Tree API¶
-
class
msitrees.tree.MSIDecisionTreeClassifier(**kwargs)¶ MSI Decision Tree Classifier
Based on breadth-first tree traversal, this no-hyperparameter tree building algorithm tries to create new decision nodes by performing temporary split for each candidate node (at any point of time all current leaves are considered candidate) one by one, and keeping one which decreases overall cost function the most. New branches created with this operation are added to candidate pool. Best split points are estimated with gini based information gain. Training ends when any new split would only add needless complexity to the tree.
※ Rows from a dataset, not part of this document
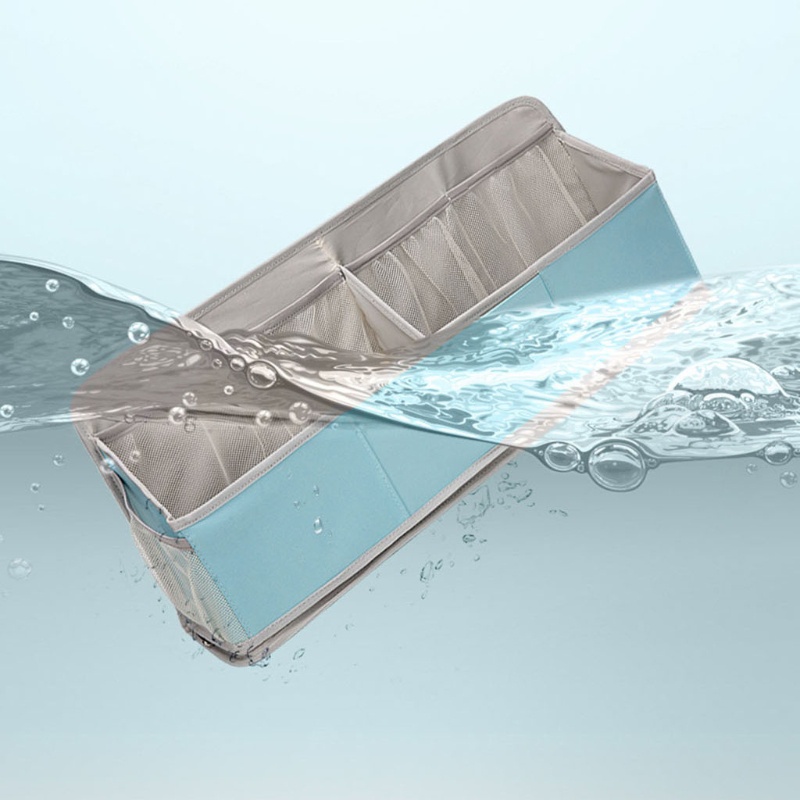 Túi Đựng Đồ Dùng Treo Nôi Em Bé Tiện Dụng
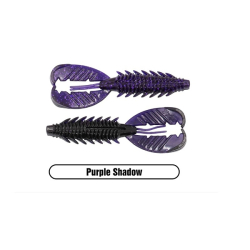 XZONE 3.5 ADRENALINE CRAW PURPLE SHADOW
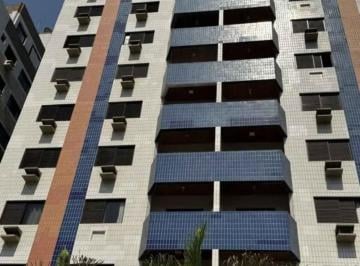 Foto 01 · Apartamento para Locação no Tupi, Praia Grande-SP: 1 quarto, 1 sala, 1 banheiro, 1 vaga, 74m²!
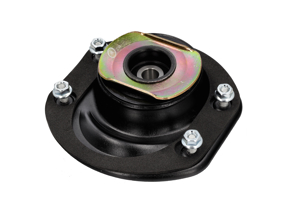 Support de support d'amortisseur. Porsche 964 C2 / 964 C4 - 964-343-018-02, 96434301803, 96434301802 - 1642400100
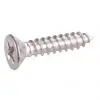 Șurub autofiletant înecat în formă de C cu cap Phillips H - 3,9 x 19 mm, DIN 7982, 25 buc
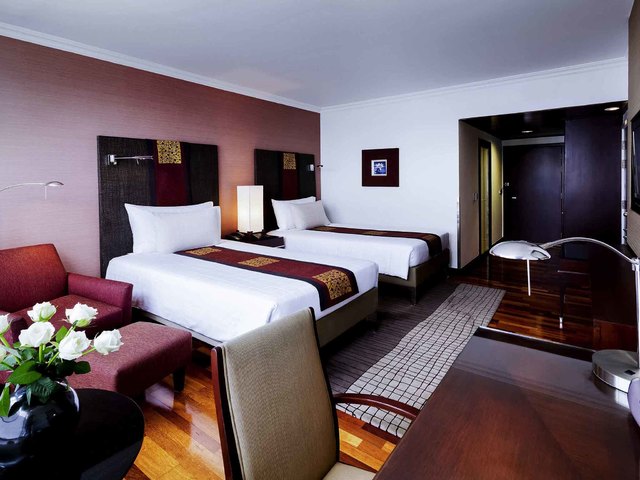 фото отеля Pullman Bangkok Hotel G изображение №17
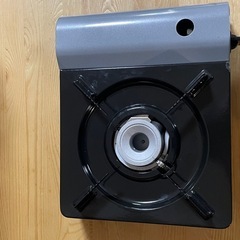 カセットコンロの画像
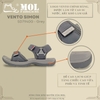 Sandal nam Vento SD7940G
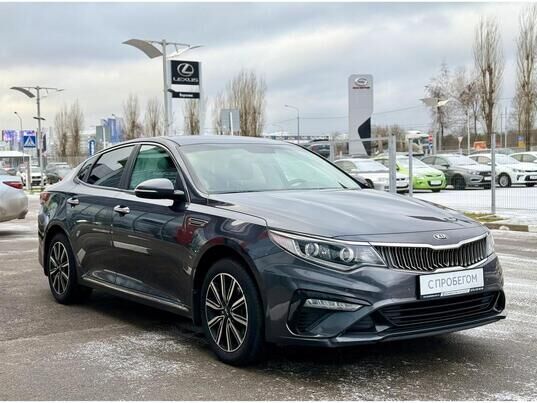 Kia Optima, 2018 г., 144 631 км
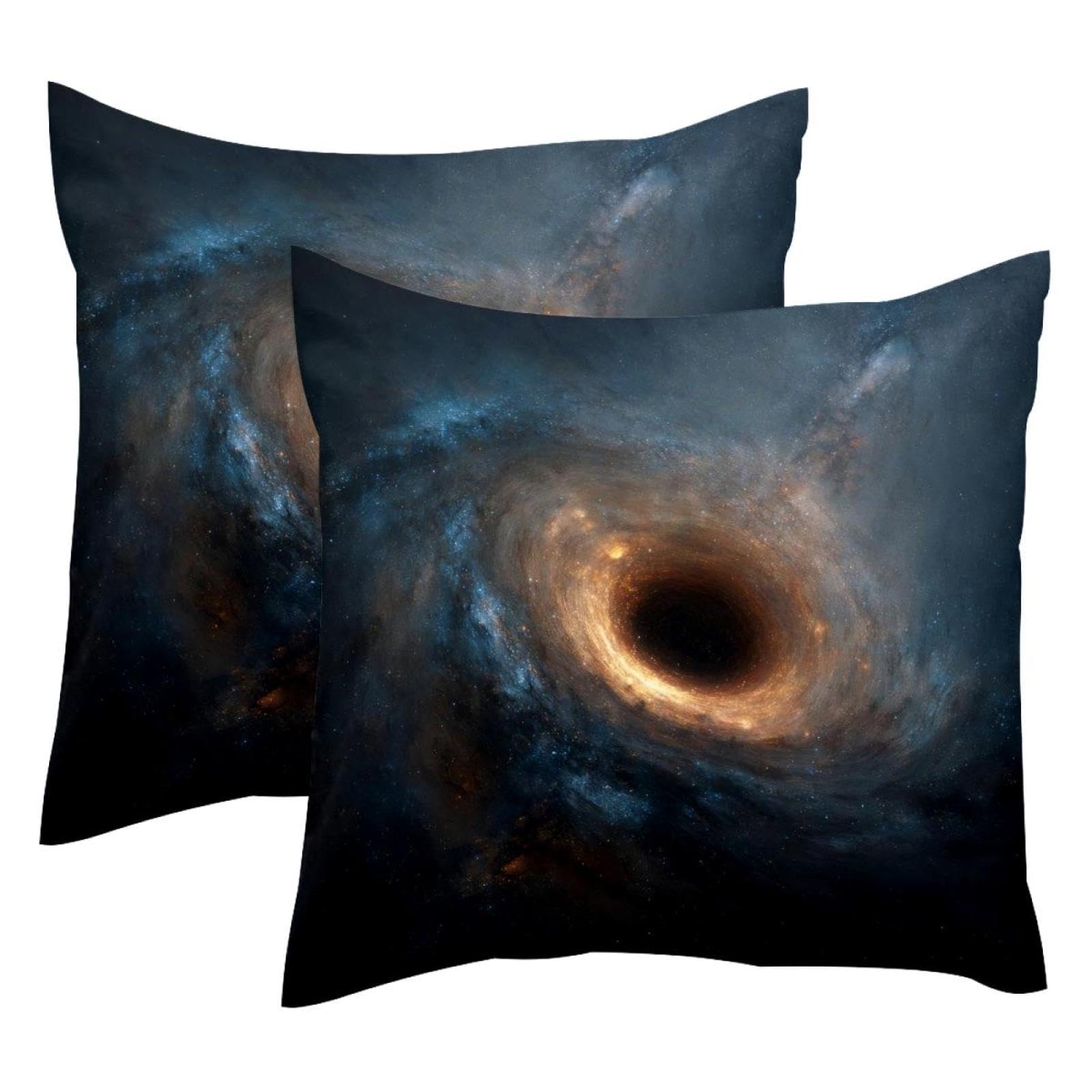 Housse de coussin velours doux 50x50 cm lot de 2 pour transformer un canapé ancien en espace cosy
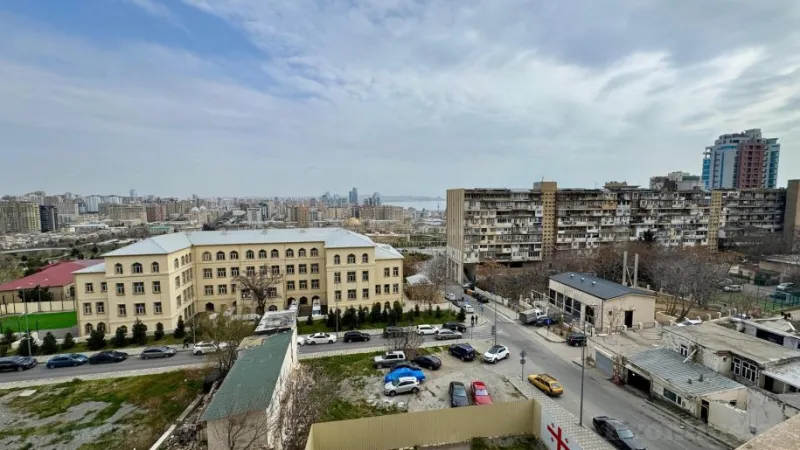 Kirayə verilir 4 otaqlı Mənzil Yeni tikili 150 m² Elmlər Akademiyası m. - şəkil 8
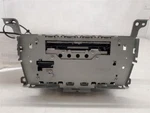 Toyota Yaris Sdn, Audio Equipment Radio Receiver, 09-12, 8612004180,missing Knob. Fixed Price $66.99.
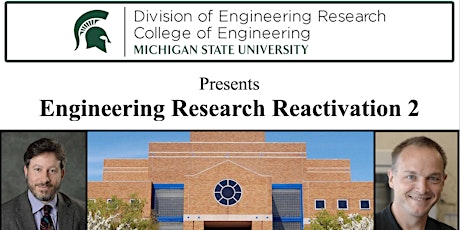 Engineering Research Reactivation 2 primary image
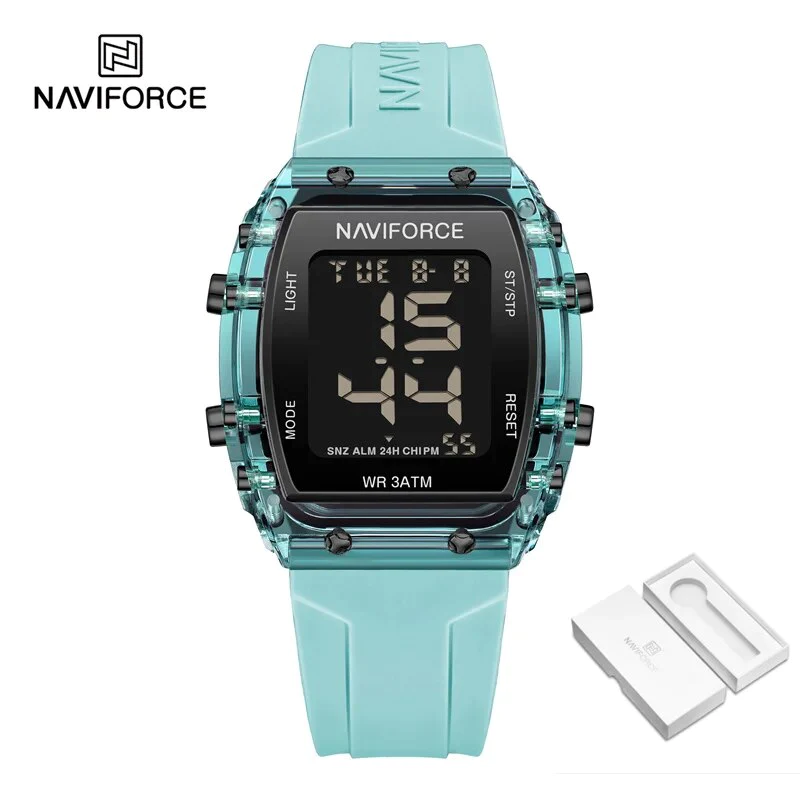 Naviforce 7102 T - Light Blue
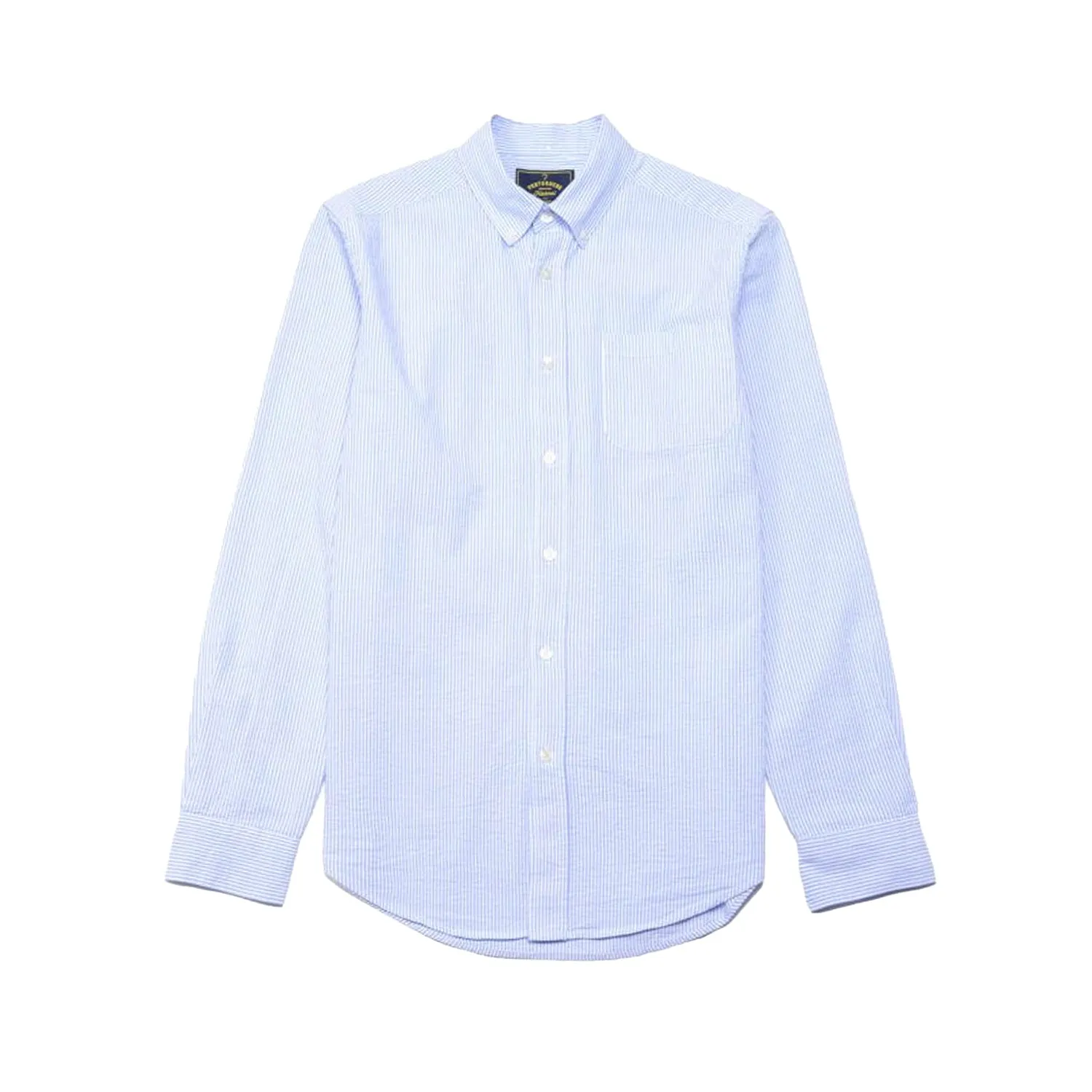 Atlantico Stripe - Blue sold by Stomping Ground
Cost function follows paper implementation [1] based on harmonic mean of model inaccuracy and surfeit, but with modifications to approximation of I(X, M) for performance and reusability reasons.
-
root¶ Root of a decision tree. All decision and leaf nodes are children of this node.
- Type
MSINode
-
fitted¶ Boolean variable indicating if tree was previously fitted.
- Type
bool
-
shape¶ Shape of dataset X with (n_samples, n_features) or None if tree was not yet fitted.
- Type
tuple
-
ncls¶ Number of classification categories or None if tree was not yet fitted.
- Type
int
-
ndim¶ Number of dataset X dimensions. 1 if n_features eq 1, 2 if n_features > 1 or None if tree was not yet fitted.
- Type
int
-
importances¶ Array with feature importances or None if tree was not fitted.
- Type
np.ndarray
References
Examples
>>> from msitrees.tree import MSIDecisionTreeClassifier >>> from sklearn.datasets import load_iris >>> from sklearn.model_selection import cross_val_score >>> data = load_iris() >>> clf = MSIDecisionTreeClassifier() >>> cross_val_score(clf, data['data'], data['target'], cv=10) ... array([1. , 1. , 1. , 0.93333333, 0.93333333, 0.8 , 0.93333333, 0.86666667, 0.8 , 1. ])
-
property
feature_importances_¶ Returns feature importances
Each feature importance is calculated as normalized sum of gini based information gain at nodes where split was made on that particular feature.
- Returns
importances – Normalized array of feature importances.
- Return type
np.ndarray
-
fit(x: Union[numpy.ndarray, pandas.core.frame.DataFrame, pandas.core.series.Series], y: Union[numpy.ndarray, pandas.core.series.Series]) → msitrees.tree.MSIDecisionTreeClassifier¶ Fits decision tree to training dataset.
- Parameters
x (np.ndarray) – Training data of shape (n_samples, n_features) or (n_samples, ). All values have to be numerical, so perform any required encoding before calling this method.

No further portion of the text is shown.